This is the second episode of our current ongoing title. The first episode was posted last Friday. Enjoy...
“How much time do we have?” John asked William. He had been sitting near the doorway to his son’s bedroom for the last twenty minutes waiting for him to return home from school.
“Two and a half hours.”
“Did you hide the nail polish remover in your room?”
William rushed past his father, into his room and produced a pink bottle from beneath his plastic covered mattress. “Just like you told me,” he smiled.
John took the nail polish remover from him and the preassembled Lego jet he’d brought home the other day and shoved them into a duffle bag. He then threw the bag on his lap and rolled his wheelchair to the back door of the house.
“Go and unlock the garage door. Then come back and help me get out there.”
William did just as he was told. After struggling a bit to get his father down the back porch stairs without spilling him onto the ground, they were alone in the garage.
John made sure the door was closed tight and locked. He looked around and out the small window like a thief. Then, finally, he tossed the duffle bag onto the bare wooden table that used to be his workbench.

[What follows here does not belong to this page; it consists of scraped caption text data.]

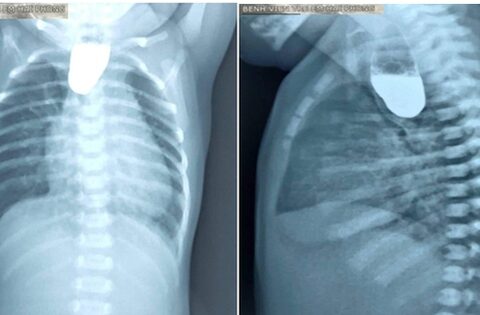 Teo thực quản nguy hiểm như thế nào?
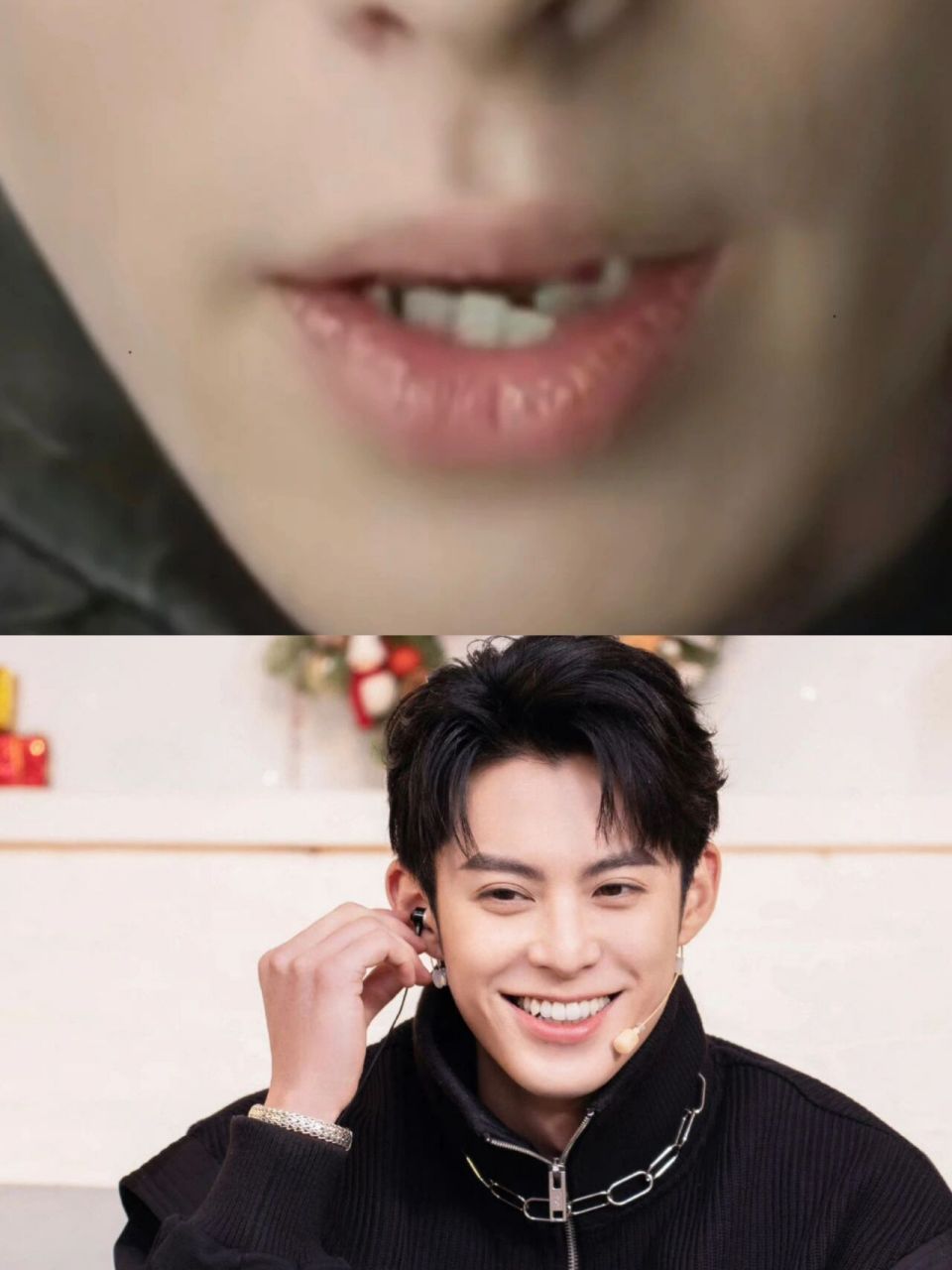 这得戴多贵的牙套才能整出王鹤棣的牙?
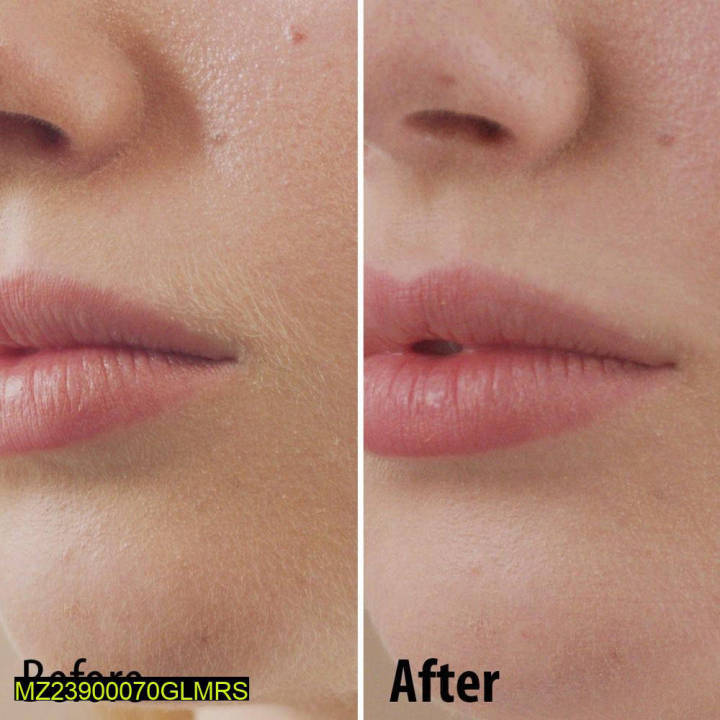 Facial%20Hair%20Removel%20Machine%20-%20Image%204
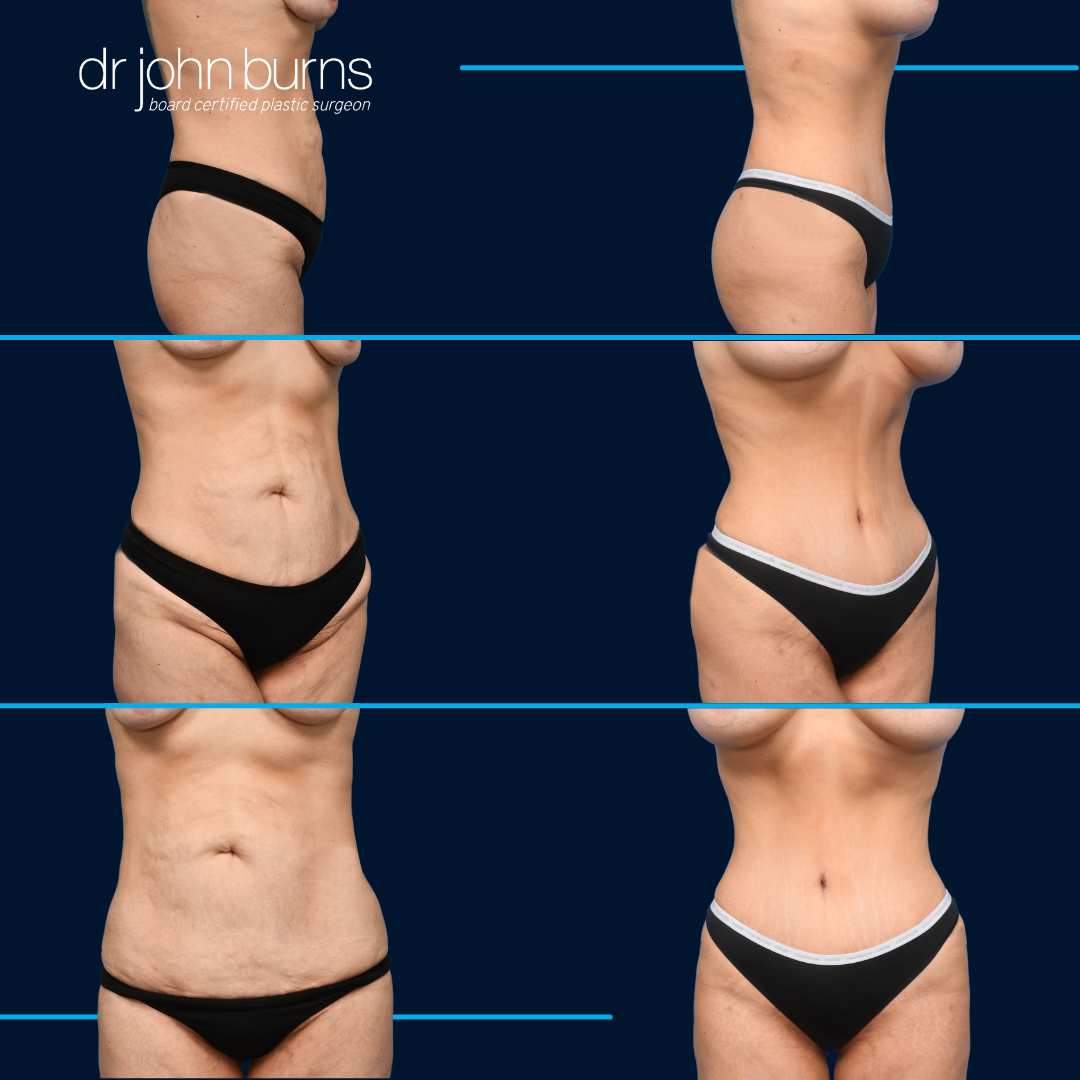 Before and After Tummy Tuck by Dr. John Burns.png__PID:5b2b8aec-a521-4e11-a923-2483c26c8564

John paused.
“What did your mother do with all my tools?”
“Sold them,” William said.
John sighed. “I suppose she needed the money for the medical bills.”
“Plus she had to get rid of them. She didn’t have a license.”
“Unbelievable,” John muttered under his breath. He turned his attention to the bag and pulled out several items. First came the Lego jet, then the nail polish remover, then a small plastic pail, a box of cotton swabs and two sets of household cleaning gloves. They each pulled on a pair of gloves and John handed the pink bottle to William.
“I’ll hold the Lego, you pour this on it. Do it carefully.”
John held the yellow jet over the plastic pail. William held the bottle over it and began to pour. He did so very slowly.
“Okay, stop,” John instructed and dipped a cotton swab into the excess liquid in the bottom of the pail. He rubbed the moistened end against the Lego jet, focusing on the cracks between bricks.
This went on for several minutes. John stared at the jet as he scrubbed the tiny cracks. Every now and then, he would have William pour some more. Both of them leaned into their work in anticipation. Eventually, John began to try and separate the bricks.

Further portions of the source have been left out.